Single Image Super-Resolution of Noisy 3D Dental CT Images Using Tucker Decomposition

TL;DR

This paper compares Tucker and CPD tensor decompositions for single image super-resolution of noisy 3D dental CT images, demonstrating Tucker's advantages in noise robustness and accuracy.

Contribution

The study introduces a Tucker decomposition-based SISR method, highlighting its improved noise handling and segmentation accuracy over CPD in dental CT imaging.

Findings

Tucker decomposition improves noise robustness in SISR.

The proposed method achieves higher PSNR and SSIM scores.

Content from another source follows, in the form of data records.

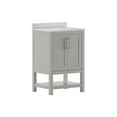 thumbnail image 3 of Flash Furniture Vega - Vanity cabinet - 2 shelves - 2 doors - fiberboard - gray, 3 of 11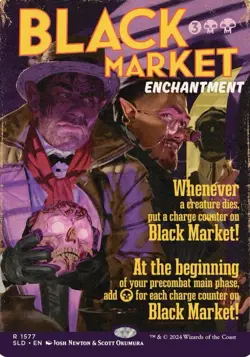 MTG Black Market Secret Lair NM Regular non Foil - Image 1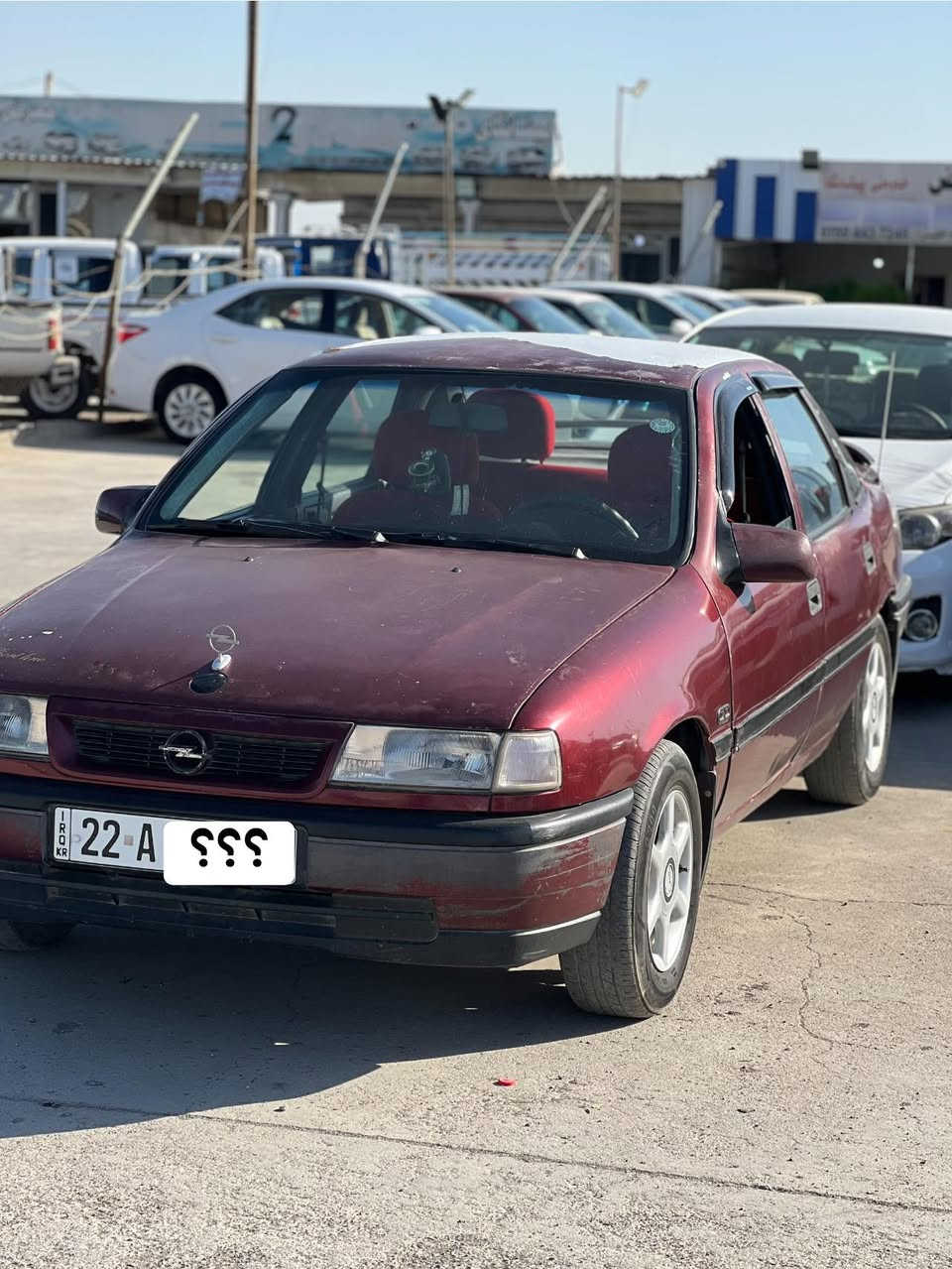 أوبل فكترا موديل 1992رقم أربيل بسمي سنويه ل2030شرط التحويل سعر 41وبيها مجال بسيط العنوان أربيل رقم تلفون ☎️ ***********
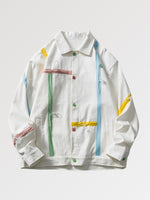 Charger l'image dans la galerie, Veste en Jean Blanche Épurée 'Hisamoto'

Tucker-based approach reduces runtime compared to CPD.

Abstract

Tensor decomposition has proven to be a strong tool in various 3D image processing tasks such as denoising and super-resolution. In this context, we recently proposed a canonical polyadic decomposition (CPD) based algorithm for single image super-resolution (SISR). The algorithm has shown to be an order of magnitude faster than popular optimization-based techniques. In this work, we investigated the added value brought by Tucker decomposition. While CPD allows a joint implementation of the denoising and deconvolution steps of the SISR model, with Tucker decomposition the denoising is realized first, followed by deconvolution. This way the ill-posedness of the deconvolution caused by noise is partially mitigated. The results achieved using the two different tensor decomposition techniques were compared, and the robustness against noise was investigated. For validation, we used dental images. The superiority of the proposed method is shown in terms of peak signal-to-ratio, structural similarity index, the canal segmentation accuracy, and runtime.